Tardeo or Tardeo Road () is an elite residential and commercial locality of South Mumbai, from Nana Chowk to Haji Ali Junction. Tardeo is one of Asia’s most expensive residential and commercial locality and house to India’s richest man Mukesh Ambani - Antilia. Tardeo Road is also an important arterial road of the city of Mumbai.

The road is currently known as Javji Dadaji Road from Nana Chowk to Taddeo Circle with post code 400007 and Pandit Madan Mohan Malviya Road from Taddeo Circle to Haji Ali with post code 400034. Post codes 400007 are served by Grant Road post office and 400034 are served by Tulsiwadi post office.

It lies   from the Chhatrapati Shivaji International Airport.
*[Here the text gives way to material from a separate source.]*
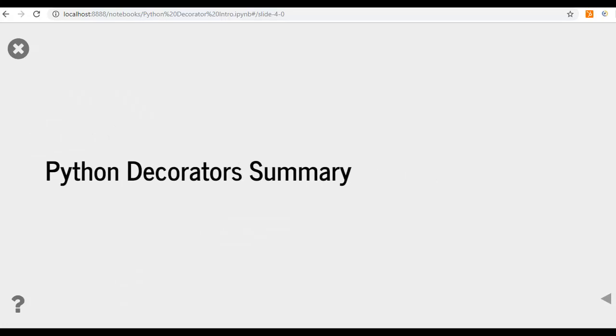And Python decorator summary. At the end of this course you will have a good understanding of decorators in Python, how to apply it, and its importance.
It is connected by railway through the Mumbai Central railway station as well as by buses operated by BEST, MSRTC, and NMMT. Taddeo houses the Regional Transport Office of Mumbai city.

It also has some of Mumbai’s most important commercial offices located in the AC Market Building, Arun Chambers, Commerce House and the Film Centre Building, all on the posh Tardeo Road.

In 1999, Taddeo and the city of Mumbai witnessed the opening of its first full-fledged shopping mall Crossroads, converted from an old pharmaceutical plant belonging to 'Roche'. The mall was an instant success and it attracted loads of people from all corners of the city, however the mall eventually contributed to traffic and pollution in the area. Now Crossroads is known as Brand Factory. Old dilapidated mills and structures are now being demolished by property developers to build residential high rises, similar to other areas of Mumbai.

The Imperial Towers, for a period of time India's tallest, are located in Taddeo .

Taddeo Road also has Mumbai's costliest oval-shaped skyover bridge. It is designed as a cable-stayed bridge, it hangs on a single column placed in the middle of the  skywalk.